My Dad Was A Pistol: He quit school after the 7th grade and went to work. He was only five foot, seven and three quarters, but he took offense easily and he liked to fight. He married, well, I’m not real sure how many times he married although I’m working on it. He had seven or eight kids, not sure of that either. He was into a lot of stuff, farming, mining, manufacturing. He was broke a lot when I was growing up but in the last few years of his life he did something I never thought he’d do, and made a ton of money.
The Farm: When I was an infant my family moved from a house my Dad built on Hoke Street in Gadsden, Alabama, to a farm outside of town. After my first mother died, when I was five years old, Brother Dave and I pretty much ran wild. One of my favorites stories from that era is “Go Tell Daddy What You Did.”
Going Coal Broke: When Dad began losing his shirt mining coal he sold the farm and we moved back into Gadsden, to an apartment at 1611 Litchfield Avenue. I was nine when I got my first mouthful of poor. I didn’t like it very much.
Charlotte: A year and a half later Dad hit bottom financially and we moved to Charlotte, a move that saved my life. It also introduced me to a new set of characters, including neighbors who were former soldiers and Marines who had fought against the Germans and Japanese — and who told war stories.
Sea Stories: I joined the U.S. Navy Reserves when I was 17 and served 20 months aboard USS Los Angeles, a heavy cruiser. I called one Sea Story “Whose Side Am I On?” and another, “Typhoon!”
Victory Village: Donna Joy Hyland and I were married after I was released from active duty and finished my freshmen year at the University of North Carolina at Chapel Hill. We moved into “Victory Village,” university-owned “apartments” for married students living on that proverbial shoestring. It was a wonderful time in our lives except, of course, for the “Weekend from Hell.”
Bo, Jack, Mark, and Donna: Stories about my three sons and my wife. Donna and I have been a couple since 1959, when we were both 17. I hadn’t paid much attention to her until one day in plane geometry class she went to the front of the room to sharpen her pencil, wiggling as she turned the handle of the sharpener.
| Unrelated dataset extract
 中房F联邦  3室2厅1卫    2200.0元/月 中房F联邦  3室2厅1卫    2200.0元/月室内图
I noticed.
Snowbird: Our family is scattered over 10 states but most of them have been to Snowbird, a remote hideaway, I guess you’d say, in the mountains of North Carolina. Snowbird has become the grist for many a story, like the time Brother Pop, who had been up there more than anyone, missed a turn coming up the mountain. No, no, this isn’t about the time he drove his pickup off the side of the mountain. That’s another story.
Did You Hear The One About? These are all the grown up stories that don’t go anywhere else, like “Walking to New Orleans.” Or the odd things I’ve seen at weddings. Or “How Not To Change A Tire.”
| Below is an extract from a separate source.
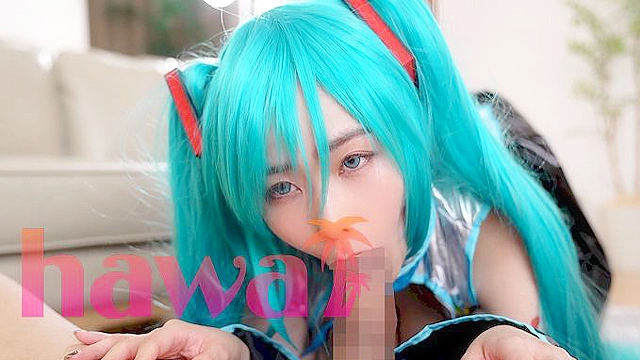 天然爆乳コスプレ！無限パイズリ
My Big Family Stories: There are not so many of these, not as many as I would like. But maybe, over time, we can fix that. We have a good start, including “Gone Missing.”
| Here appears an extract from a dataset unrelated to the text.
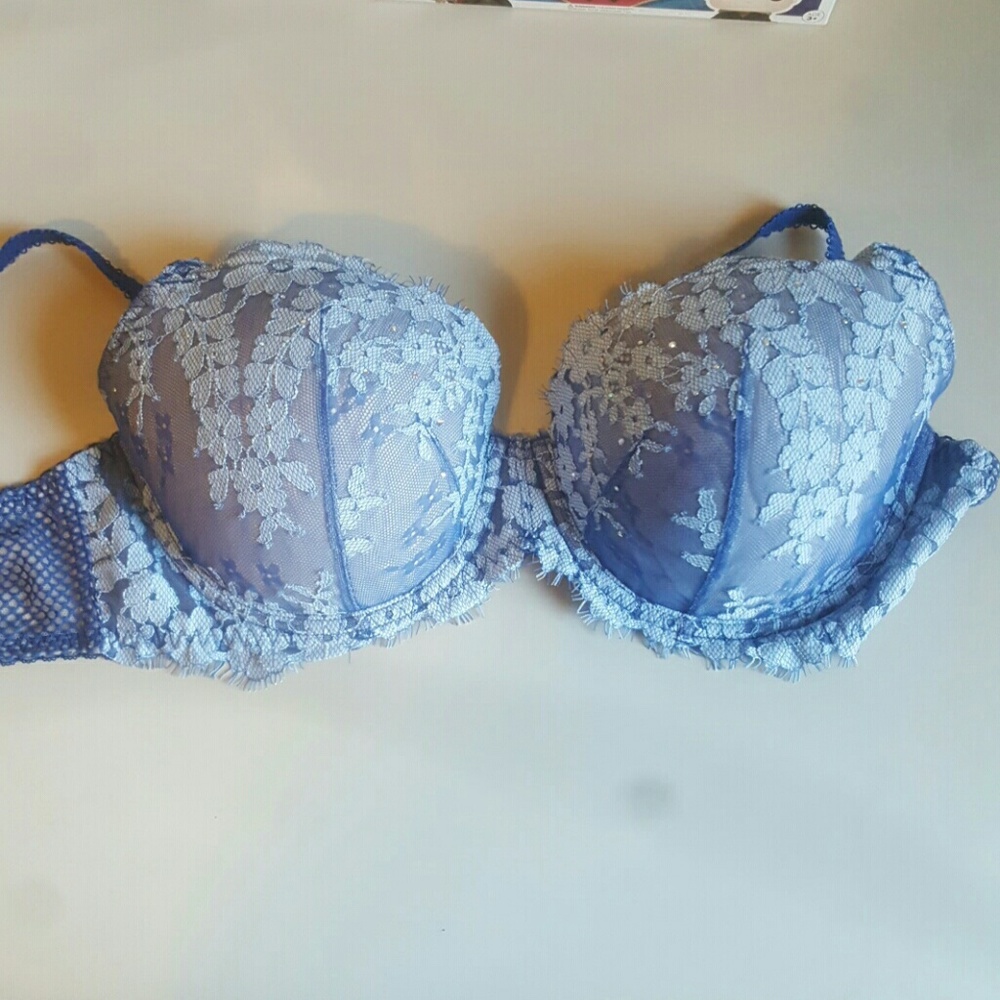 Victoria's Secret 34DD bra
Newspapering: I went to work for The Charlotte News when I graduated from high school in 1960, before I went on active duty in the Navy. The News paid me $1 an hour [$8.13 in 2016 dollars], not bad considering I couldn’t type and considering that newspapering is not a real job. Over the course of my career I wrote thousands of stories. These stories are about some of those stories.
Thru-Hiker: I took up backpacking in 2009, when I was in my late 60s, hiking out west, in South Dakota [Michelson Trail], Arizona [Grand Canyon], Utah [an Escalante River canyon], and parts of the Appalachian Trail as far north as Pennsylvania. In 2015 I hiked all of the A.T., from Georgia to Maine – 14 states and 2,189.2 miles. I called this category “Thru-Hiker” but it includes all hiker stories. I look forward to telling you about “The Ring.”
Down the River: Paddling 225 miles or so down Neuse River from Raleigh to Oriental, N.C., on the coast, wasn’t all that much fun but it sure was interesting, and memorable. Especially the wee hours one morning when loud voices woke me up and I heard gunfire a few feet from my tent. This category also includes stories from three other rivers, the Toe, the Chattooga, and the Roanoke.
My Favorites: I know right many stories, several hundred. Some are OK, some are pretty good, and some, I think, are real good — My Favorites. My Favorite stories from all the categories will be gathered here.